Thank goodness it wasn’t such a hot and humid day today. I’m remembering how horrible the it was on the 4th before the wind changed directions and the short rain arrived. There’s certainly one nasty by-product of all the rain we’ve been getting, and that’s the increased number of biting flies and mosquitos. I’ve had more mosquito bites already this year than I can ever remember. They’re even in the Downtown! They’re getting all the more clever by hanging around my front and back doors and waiting to get in and pester me. Thank goodness I have my flyswatter handy.
The calls are still coming in on my listings and I do hope to have several more sold before next week ends. What I’m finding all the more this year are the number of lower priced homes not getting sold. Some of them are at bargain basement prices to where I’m just about ready to make the determination that far too many of our younger generation are either lazy, possess no vision, and/or don’t have the funds to make improvements. It may sound like I’m back blaming their parents again, but all fingers do point in that direction, don’t you think?

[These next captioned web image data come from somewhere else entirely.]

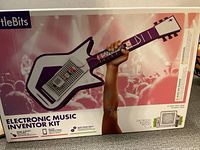 Box front showing the image of the guitar-shaped synthesizer and branding for littleBits Electronic Music Inventor Kit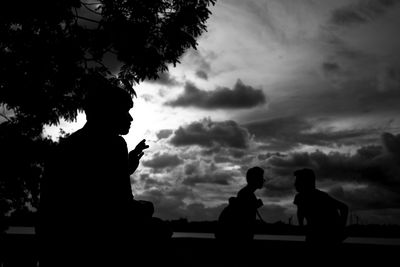 Silhouette of statue against sunset sky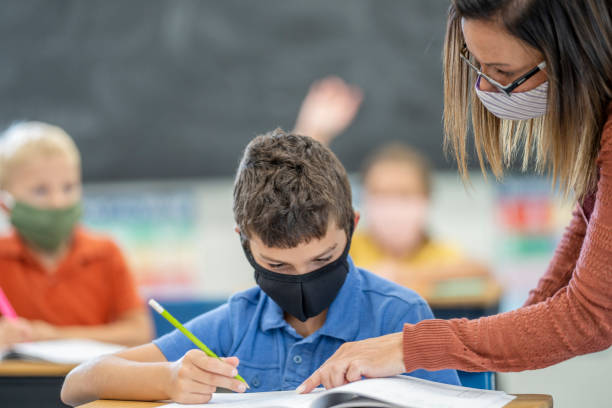 istock Elementary school student and teacher wearing masks in the classroom 1263760332
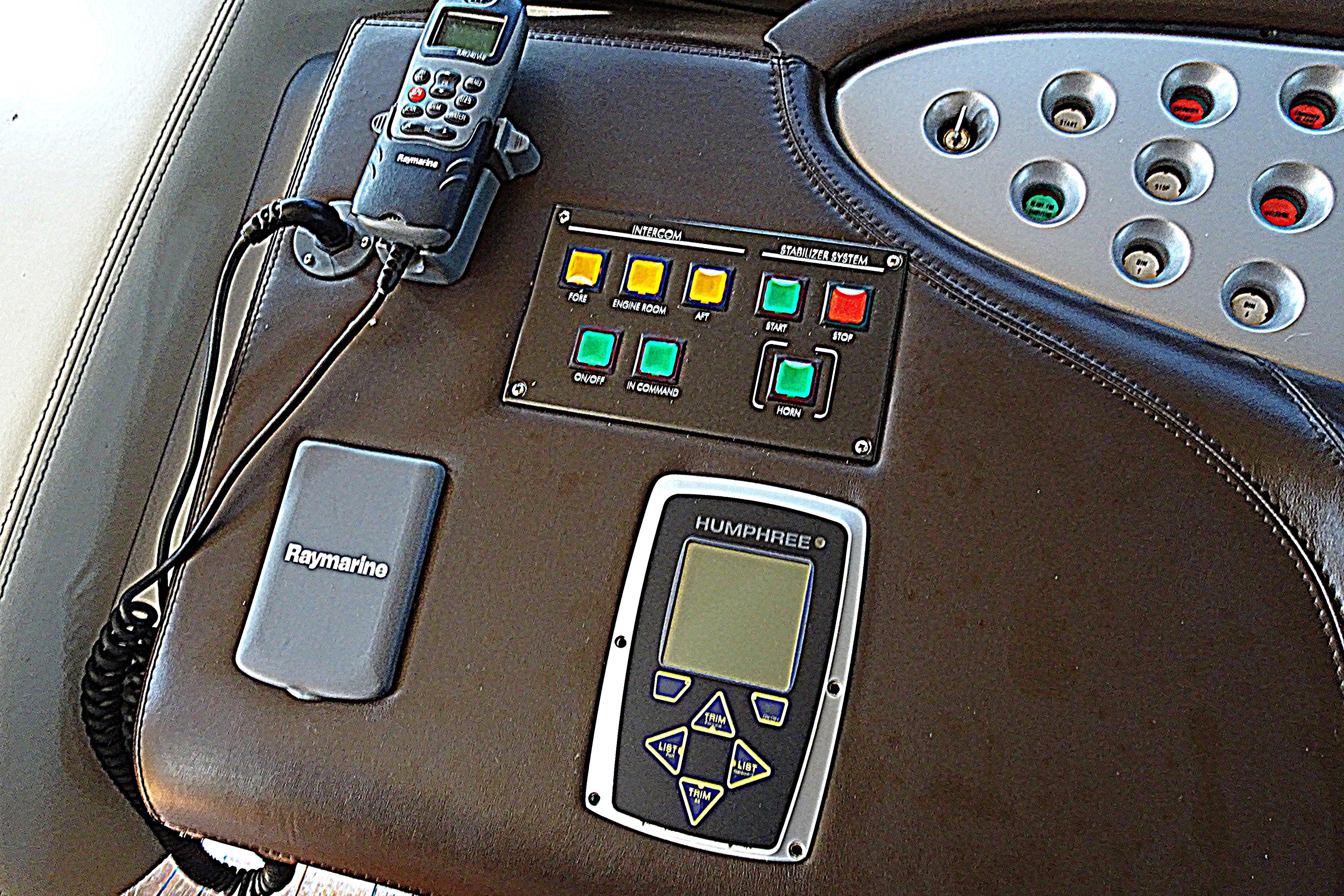 Control panel of a 2010 Azimut 100 Leonardo yacht with Raymarine and Humphree systems.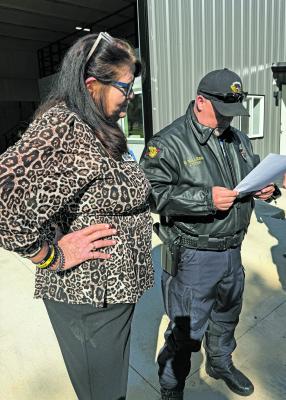 courtesy photo City of Tool Mayor Vera Bennett (left) and Chief of Police Robert Walker look at the petition that was served, concerning a wrongful death lawsuit, involving Tool Police officer Oct 21.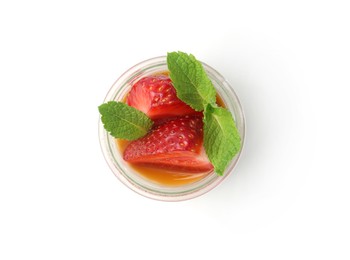 Photo of Tasty panna cotta with caramel, strawberries and mint in glass jar isolated on white, top view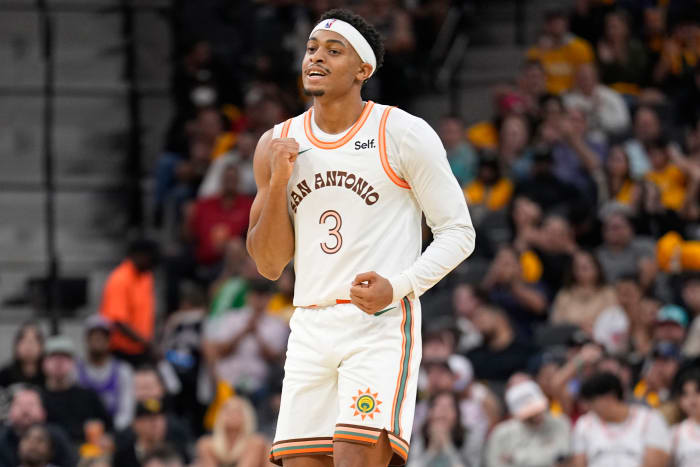 Nov 17, 2023; San Antonio, Texas, USA; San Antonio Spurs forward Keldon Johnson (3) reacts during the first half against the Sacramento Kings at Frost Bank Center.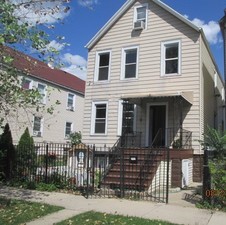 a front view of a house with a garage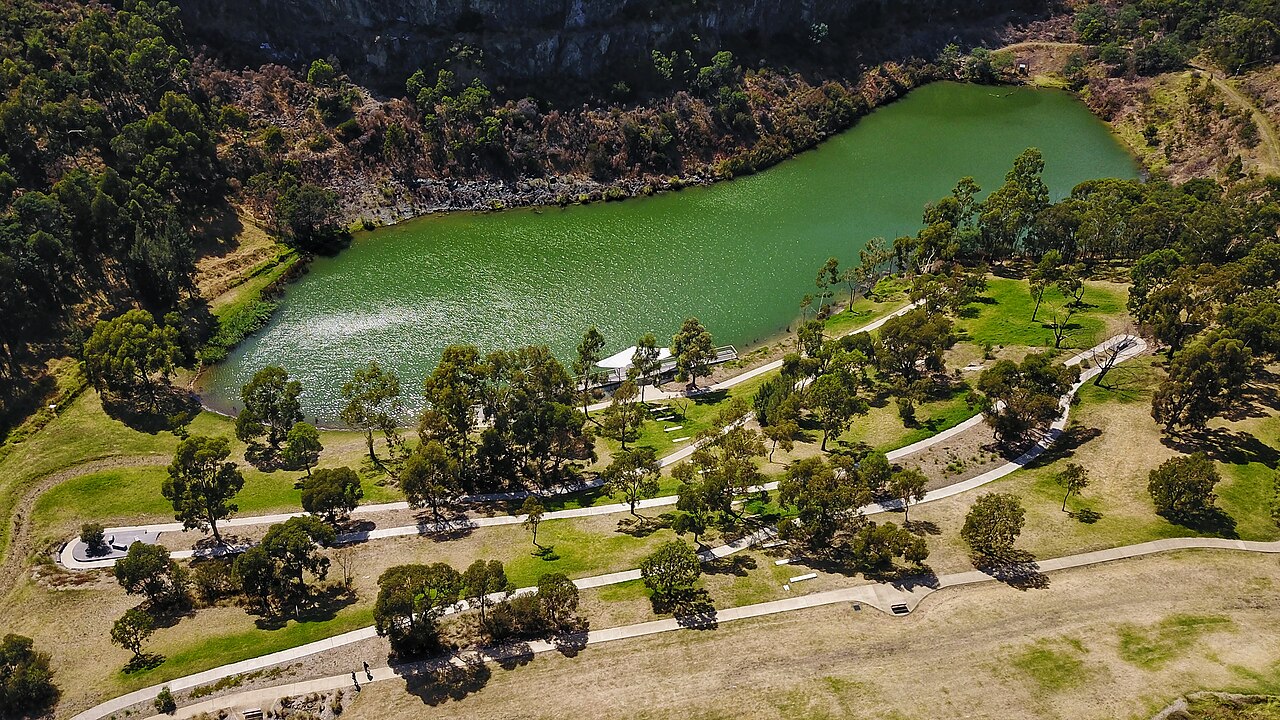 Aerial view of a green quarry lake surrounded by parkland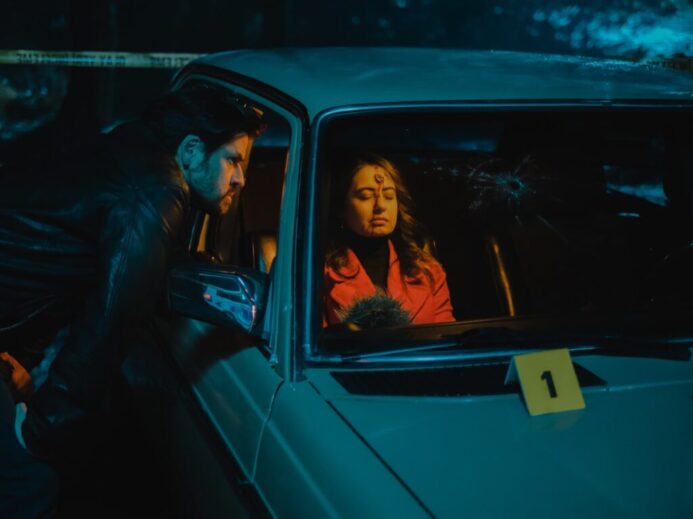 woman in black leather jacket sitting on car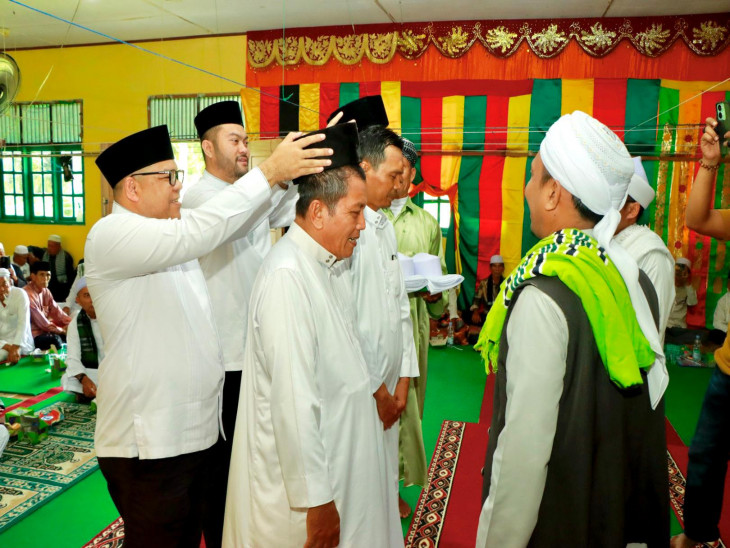 Plt. Kadis Kominfo Kab. Kampar Zulfikar, S.Ag, M.Si Hadiri Tabligh Akbar Penutupan Khalwat/Suluk Daerah Ke-54 dan Haul Ke-74 Syekh Ja’afar Khatib Rajo Lelo Desa Koto Mesjid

I have a dear friend who’s been very much into restoring and improving homes all the years I’ve known her. Just recently she said, “If I were now physically capable of doing those improvements, I’d be all over them.” On the flip side I had to laugh to myself when reading a bio written by one of our residents where she was going on and on about how she liked to do restorations and improvements on homes. I’ve see her work, and all I can say is if she were to take an industrial arts course, she’d be kept after class for additional training just to keep from flunking it.
One of the homes I was in today is a perfect example of a blue diamond in the rough. I was amazed at the quality of construction as well as its design and appeal. All that home needs is some cosmetic work, and afterwards it’ll return to being a showplace that’ll “wow” anyone visiting. Seeing a home like that would make anyone wonder why in the heck they’d want to build new. Please don’t think all older homes are well built because I continue to see ones that are quietly begging to return to the earth in spite of the lipstick their owners continue to put on them. I’m afraid I’ve become so jaded with North Iowa homes, that it doesn’t take me but five or ten minutes to determine if a house is a keeper, or one that’s long past its usefulness. There’s one particular house that I drive by often which makes me wonder how it manages to remain standing. I’m sure the neighbors are sick of looking at that rickety shack.

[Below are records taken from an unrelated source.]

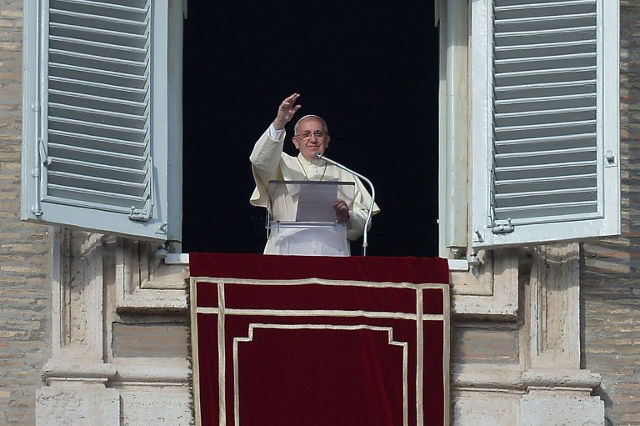 NEW YEAR. Pope Francis greets the crowd from the window of the apostolic palace overlooking St.Peter's square during his Sunday Angelus prayer on January 1st, 2014 at the Vatican. Filippo Monteforte/AFP Photo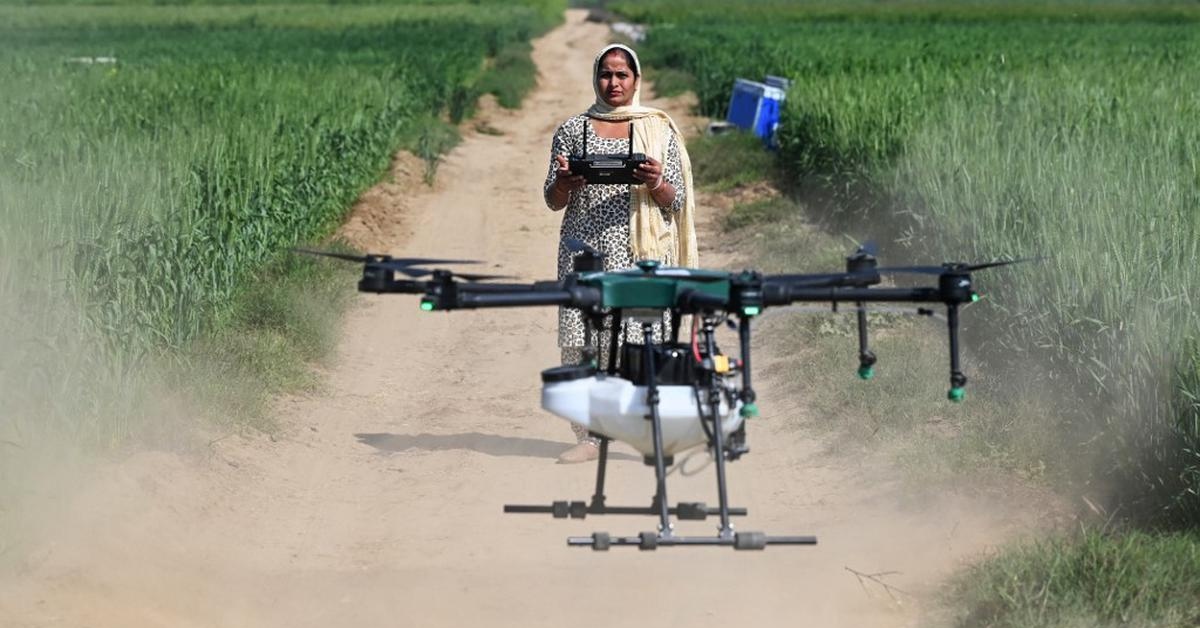 A single drone can spray 1 acre in just 7 minutes, drastically reducing labour time and chemical exposure for farmers. Picture source: AFP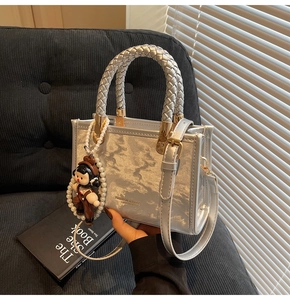 Detail of silver metallic textured crossbody bag with pearl chain and cartoon pendant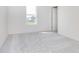 A bright bedroom featuring a light-colored carpet, a window, and an ensuite door at 827 Allandale Ave, Westfield, IN 46074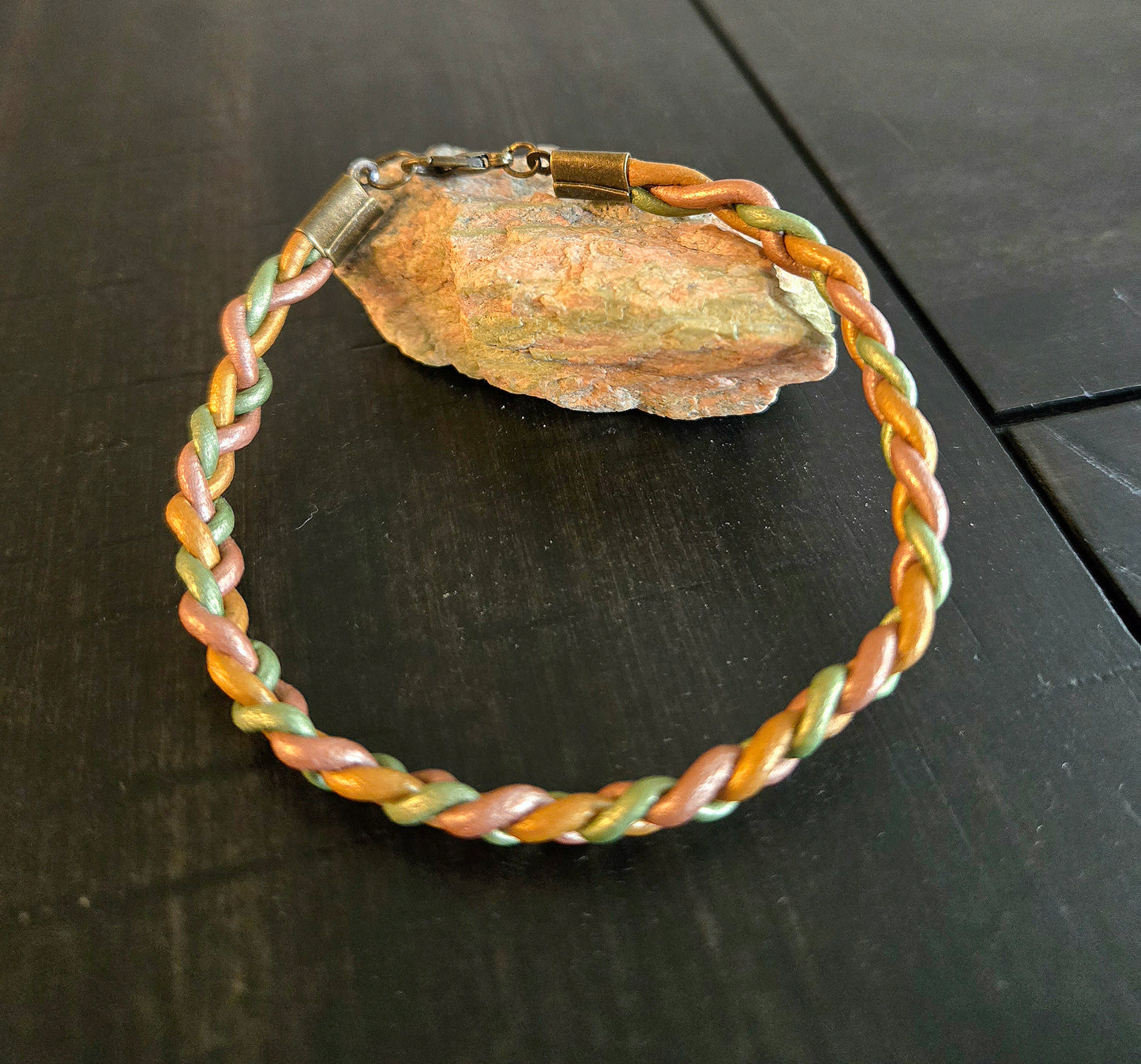 Gold/copper/green braided leather bracelet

The giggles flowed freely when listening to a gentleman speaking about how to ward off four-legged garden pests. Somehow we got on the subject of gardening and all the problems our growing deer populations are creating with our flowers and vegetables. I couldn’t help but interject the major problem I had last year after they’d discovered my garden. In two nights, that “herd” had eaten everything except the onions. The damage they caused was irreplaceable.
My gentleman was quick to tell me his tried and true deterrent which was to urinate around the perimeter of a flowerbed or vegetable garden. The more he went on about how well it works, the more I laughed. Because I was laughing so hard, he must’ve thought I didn’t believe him until he finally let me get a word in edgewise. I said, “Oh Mercy! You are the first person from the general public that has spoken about that, because I’ve known that from the mouths of the really old farmers in my family, and yes, it does work.”
We of course had to carry that thought even farther when talking about what type of container one would use to save urine. We came to the conclusion that we’d have to invent some sort of chamber pot with spout on it, so to keep the line straight and connected when pouring. I’ve been told that using human urine between rains will keep out just about ever four-legged animal. It’s strange how animals must really hate the smell. Yes, I did get a well-deserved laugh today.
Tonight’s one-liner is: Once you say you’re going to settle for seconds, that’s what happens to you in life.